If we people of good intentions want to heal our racial dysfunction rather than just suppress it (though suppression is, of course, vastly preferable to encouragement), then we have to deal with the reality of how deeply racialist thinking penetrates into the psyches of even the best-intentioned white people—into even the psyches of black people! Dismissing everyone who’s ever felt or mildly indulged some racist notions as a racist – i.e. bad — is a great way to feel righteous about yourself but a crappy way to help people keep their racist tendencies in check and in perspective.

When I wrote the “a spade a spade” line, I was, I thought, trying to suggest some of that nuance. A black friend who happened to be there that night, when I was reading, didn’t think I quite pulled it off. He detected a touch of glibness in the line, a little too much self-satisfaction in my bold, vigorous, brash willingness to venture into such politically incorrect territory. He didn’t stop being friends with me. He didn’t even seem offended; he just thought he’d let me know that even if no one else in the room noticed the game I was trying to run (and no one else seemed to), he’d noticed.

Fair enough. I wanted to be provocative, and to have that conversation, and I was open to the idea that I hadn’t negotiated the politics as deftly as I‘d hoped.

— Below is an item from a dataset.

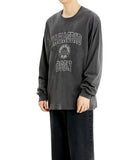 22FW STITCH COLLEGE LOGO LS TEE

My defense wasn’t that I had pulled it off, but rather that I was close enough to pulling it off, and my intentions were good enough, that as an artist I was entitled to some leeway in my efforts to be artistic.

As an artist, however, I should also, always, expect to be interrogated about my choices, particularly the riskiest choices. There’s the most to gain in that realm and there’s the most to lose — which is as it should be.

The problem with Jamie’s acquaintance/friend/privileged white male, it seems, is that he wants to be free to reap the benefits of writing about racial shit as a white boy—which is an inherently provocative thing to do, and therefore one which gives him a freebie in attracting readers’ interest—but he doesn’t want to accept the risk that he’ll fail. I don’t think it works that way.

That said, it’s also the responssibility of his fellow students to give him the benefit of the doubt. Don’t ignore the potentially racist language, but don’t turn it into a personal attack (you must be a racist) unless it’s way over the line. Treat it instead as a craft issue, a matter of tone. If he hasn’t handled the racial stuff well, then he needs to work on handling it better, and he should be helped to do so as well as commended for taking up the challenge. It’s a fucking minefield, after all.

It’s the same kind of challenge, and a similar kind of minefield, that Jamie and I are trying to navigate with this blog. How do we talk about “how to be a man?” without reinforcing all the reactionary, bullyboy bullshit that sets the tone for beer commercials, the Republican Party, and the Jim Rome show, but also without pretending that either of us will ever reach a place where “being a man” in some very traditional ways isn’t important to us.

I don’t, and shouldn’t, take it for granted that I’m without racism or sexism. Either of those things could, I’m sure, creep into my writing from time to time if I’m careless. I guess what I take for granted is that there should be an implicit compact between me and my readers– if I’m willing to listen to criticism, and to consider the possibility that my writing is offensive in various ways, then my critics should be willing to assume, unless they’re given extremely good reason not to, that my intentions are good.